Battling against his new uncontrollable aggressive alter-ego, Vincent hides from the world but secretly tries to recapture some of his humanity, performing acts of vigilante justice.
"He is human at heart," Ryan says, "he's just got this chemical buildup inside him which is making him this sort of fierce killing machine. But with this Beast that chemical imbalance comes out when his instinct is to protect or to save or to kill if he feels threatened.
"Every other time he's Vincent, he's just keeping himself at bay, he's calm, he's the same man he used to be."
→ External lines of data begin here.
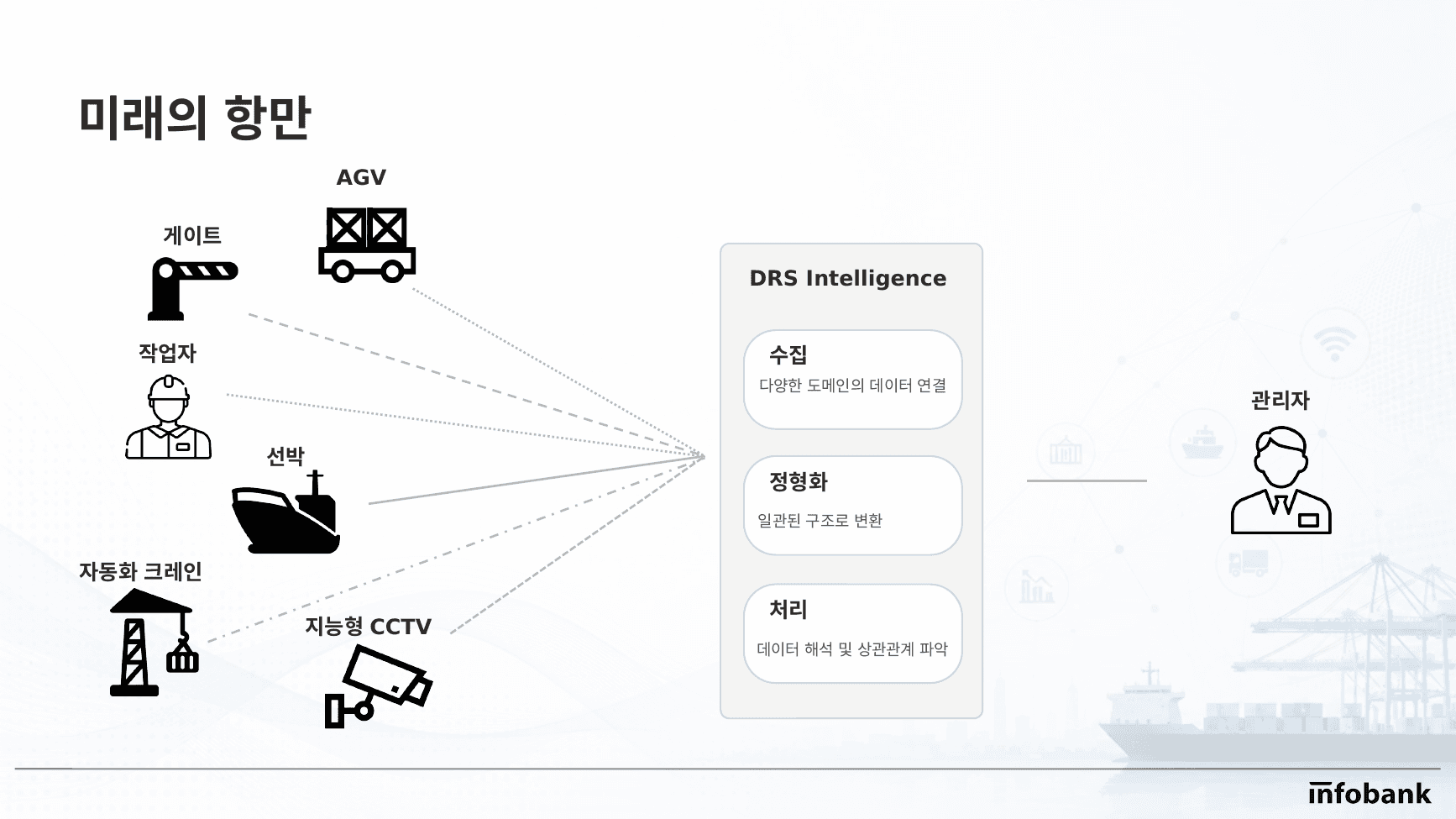 DRS Intelligence - 데이터로 연결하는 지능형 항만 대표 이미지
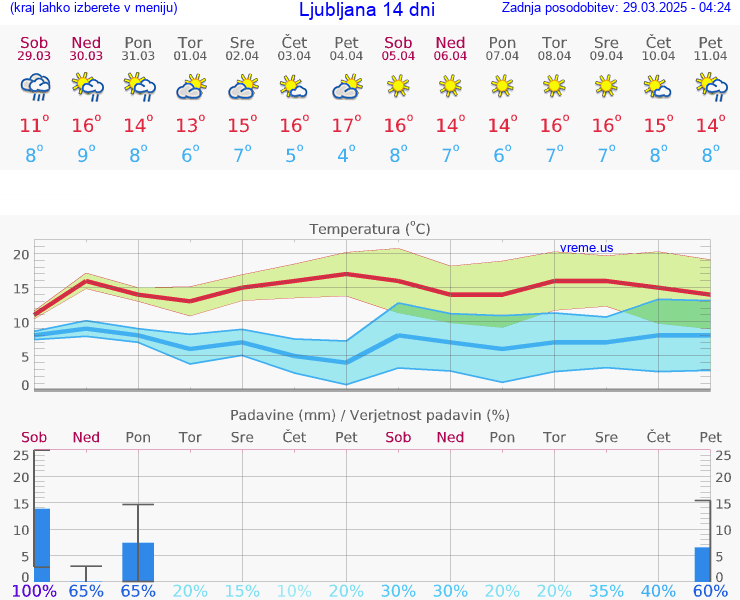 VREME 15 DNI 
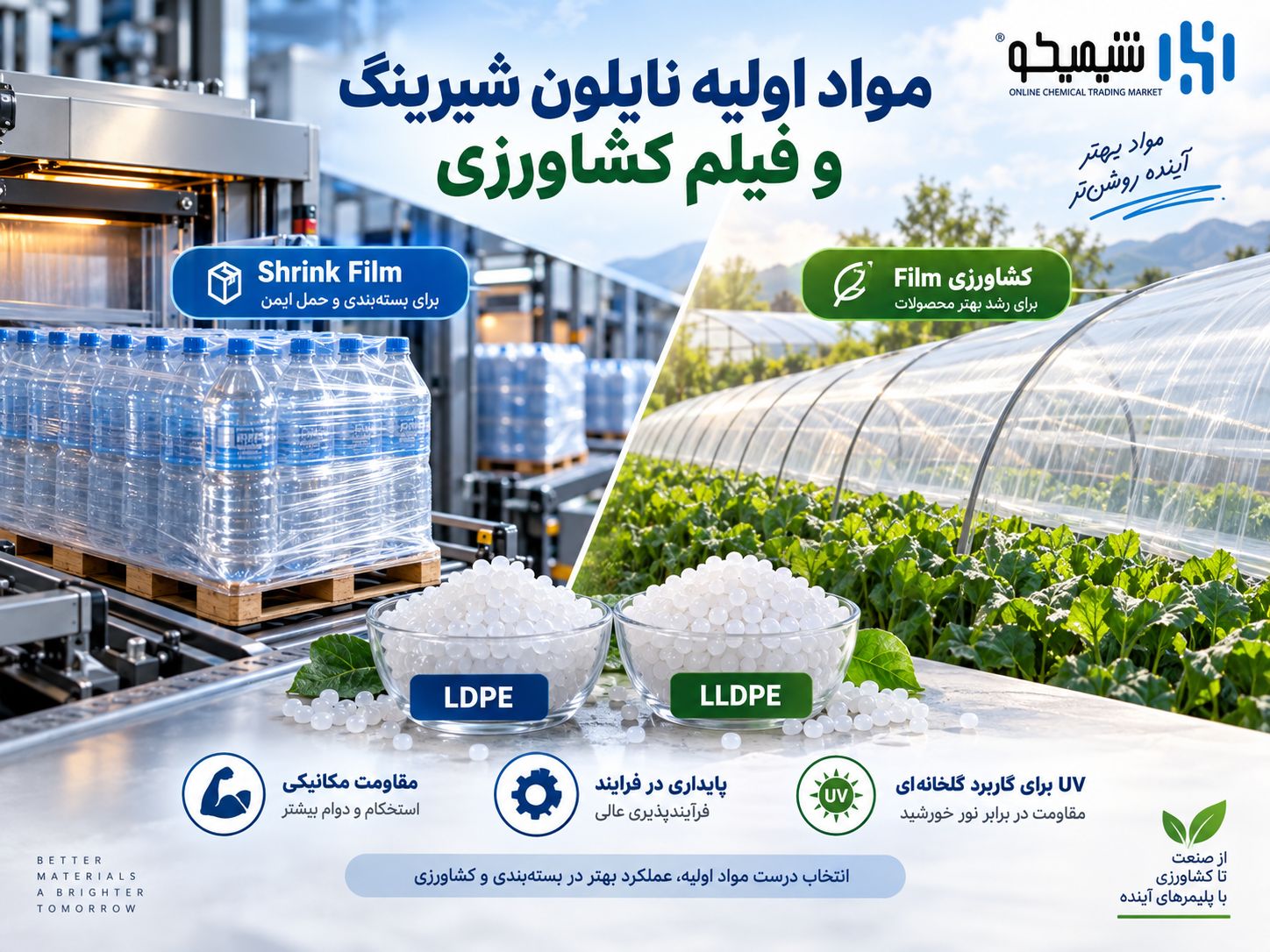 مواد اولیه تولید نایلون و نایلکس برای نایلون شیرینگ و فیلم عریض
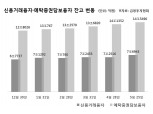 코스피 랠리에 '빚내서 주식투자' 급증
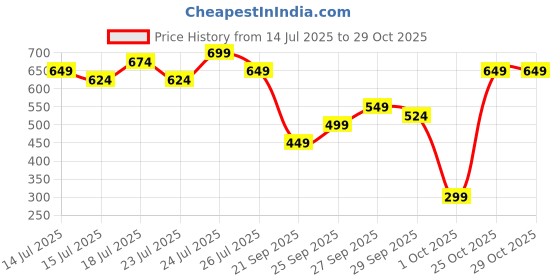 myntra.com Kotty Women Jean Wide Leg High-Rise Stretchable Jeans kotty Price History Graph from 14 Jul 2025 to 28 Oct 2025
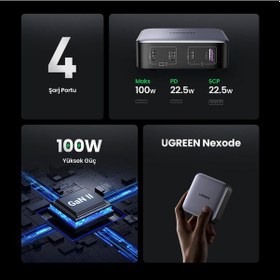 Resim Ugreen Nexode 100W USB Type-C QC 4.0 PD 3.0 GanX 4 Portlu Hızlı Şarj Cihazı 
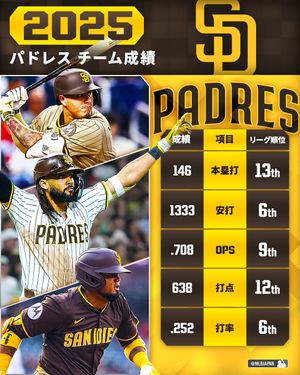 Image post by @mlbjapan on Instagram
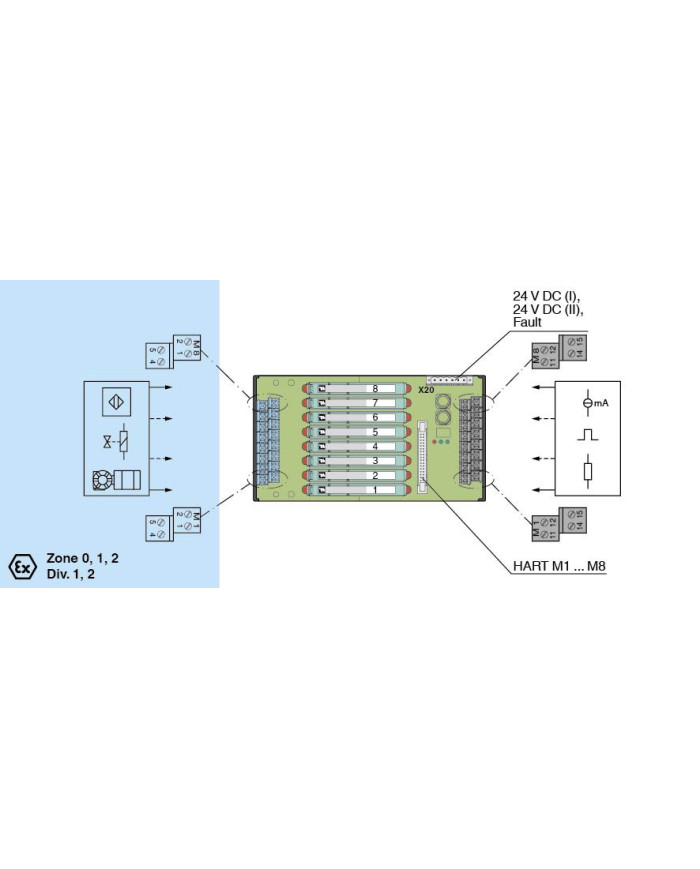 HiCTB08-SCT-44C-SC-RA Termination Board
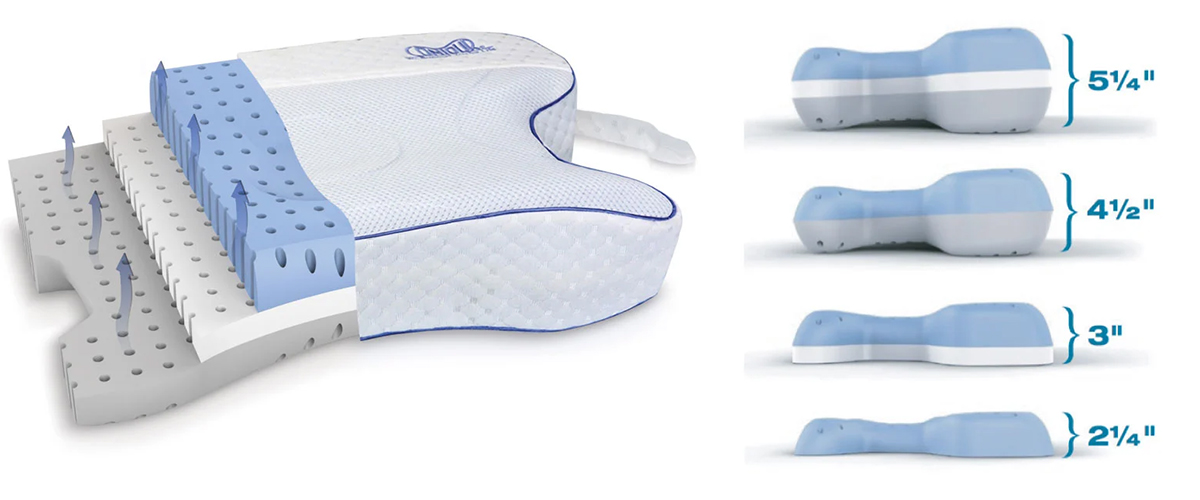 CPAPMax 2.0 CPAP Pillow With Cutouts and Hose Tether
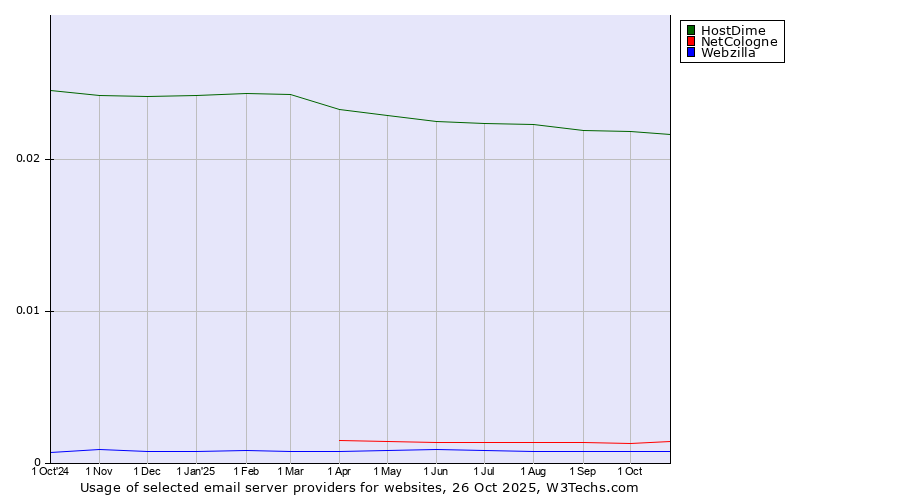 Historical trends in the usage of HostDime vs. NetCologne vs. Webzilla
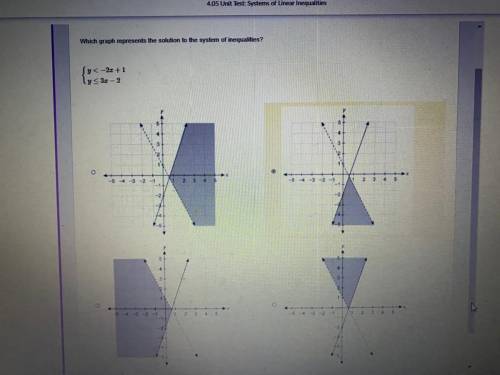 Which graph represents the solution to the system of inequalities?

y< -2x +1
y<3x - 2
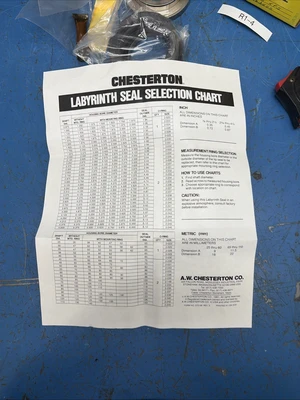 New | in-Stock Chesterton 363500 Miscellaneous MRO Indiana US | J&J Industrial Supply #1310765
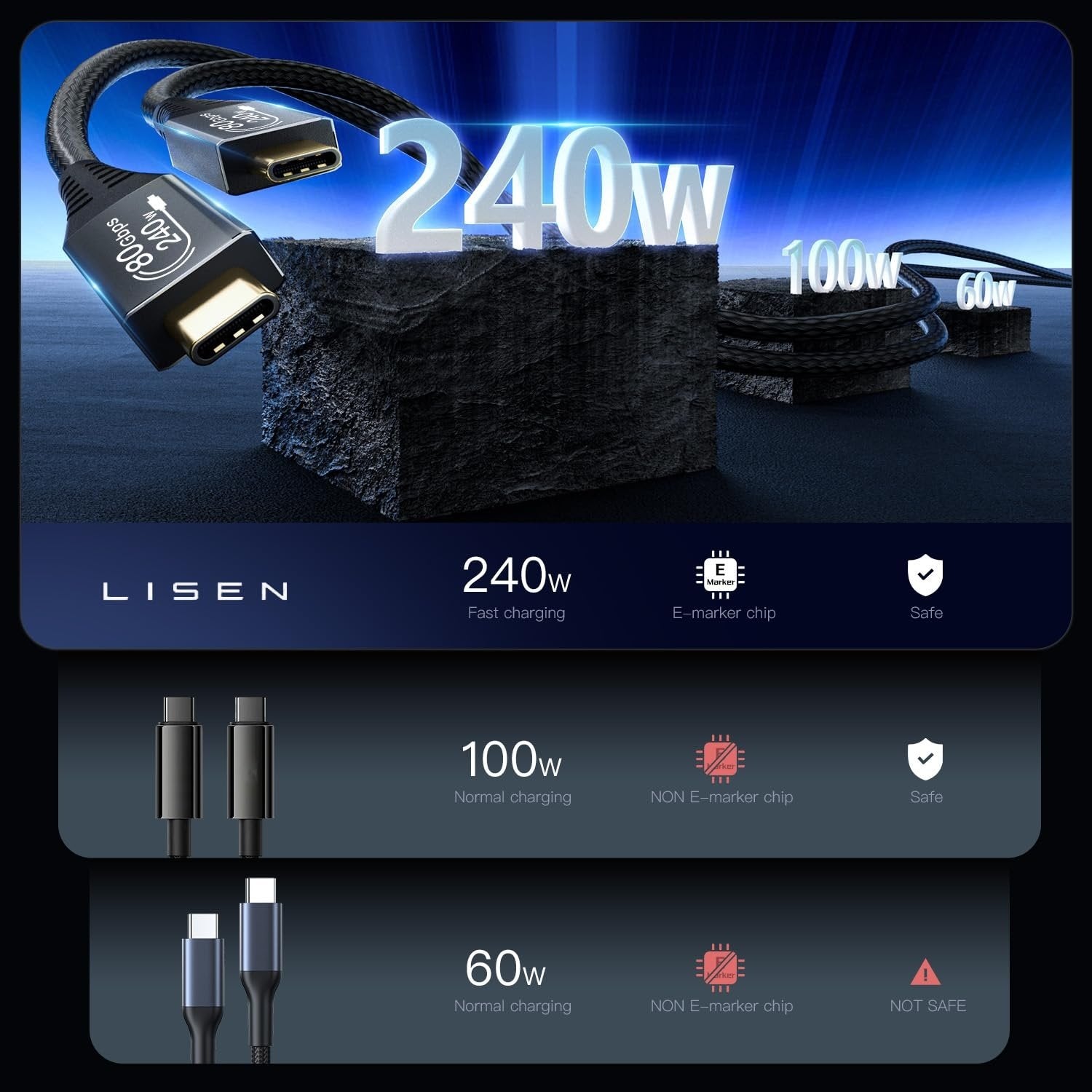 NÖRDIC 2m Thunderbolt 5 kabel 80Gbps dataoverførsel 240W opladning 120Gbps båndbredde 16K60Hz 8K60Hz 4K540Hz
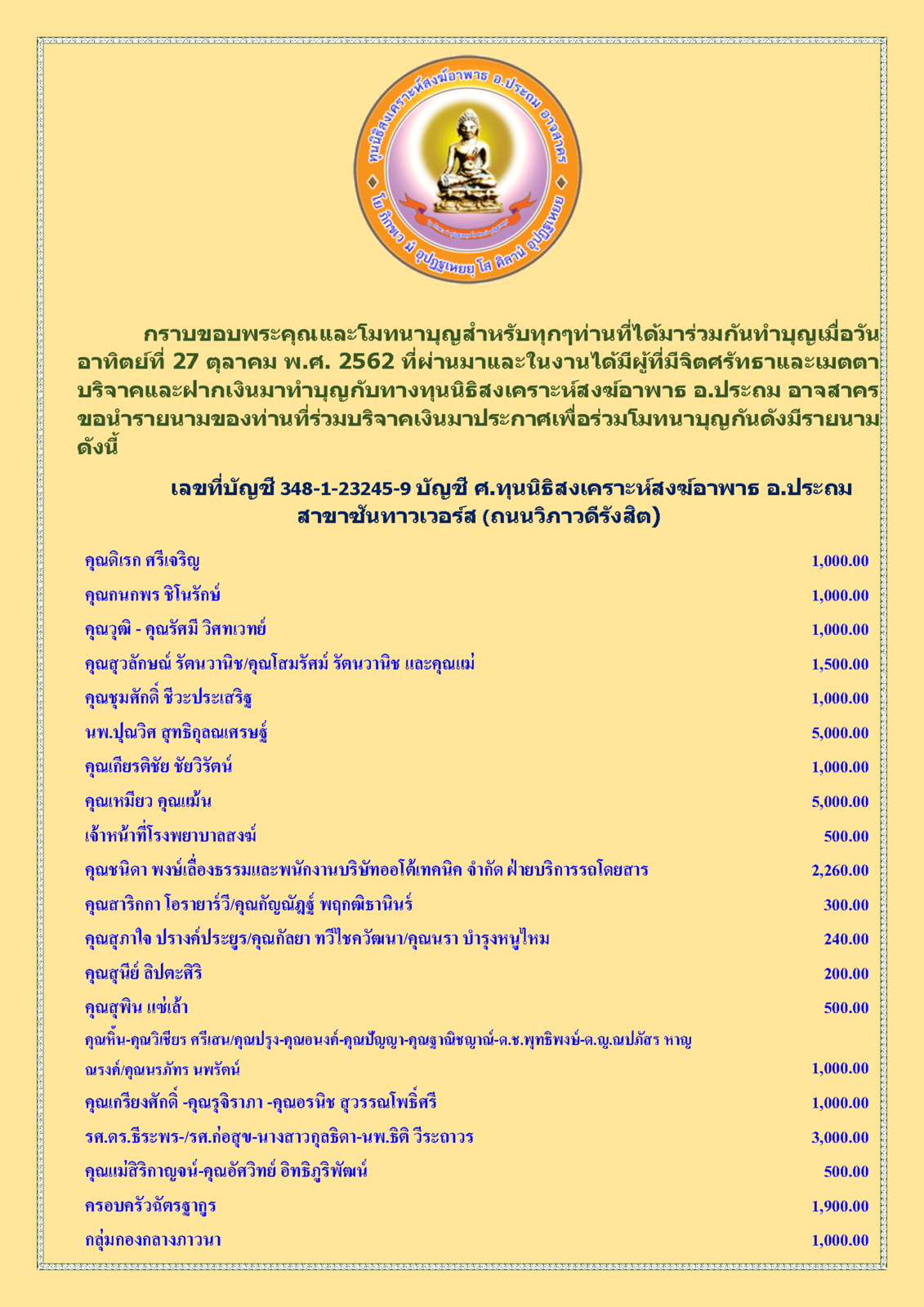 สรุปรายชื่อผู้บริจาคทุนนิธิฯสงฆ์อาพาธ 27 ตุลาคม พศ 2562_Page_1.png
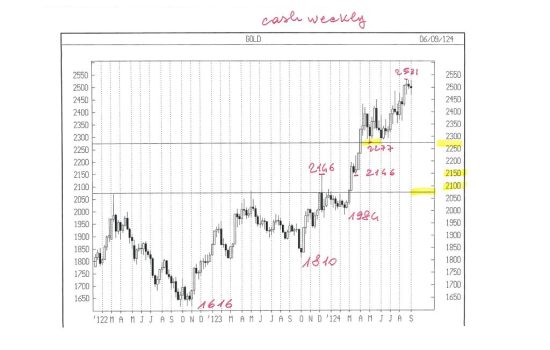 APPUNTI DI TRADING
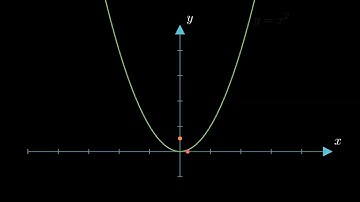 The Limit of a Function A Visual Guide with Animation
For every Beast, there must be a beauty. Former Smallville star Kristin Kreuk plays Catherine - a woman haunted by the memories of her mother's murder and the mystery figure who saved her from the same fate. Flashing forward nine years, she has become a hard-nosed homicide detective, searching for answers to her mother's death and the identity of the beast-like creature who rescued her.
"[Vincent and Catherine] are both alphas, very dominant individuals who want to feel like they can control matters so bad things don't happen in their lives," Kreuk said in an interview with The Fresno Bee's Rick Bentley.
Critical reception was mixed when the series debuted in the US late last year. While Stuever called it "hideously blah" and Variety's Brian Lowry said the show would be "hard-pressed to get under viewers' skin", NY Times' Neil Genzlinger said "the pilot [episode's] hint of a connection between the beast's condition and the murder of Catherine's mother offers the promise of future depth".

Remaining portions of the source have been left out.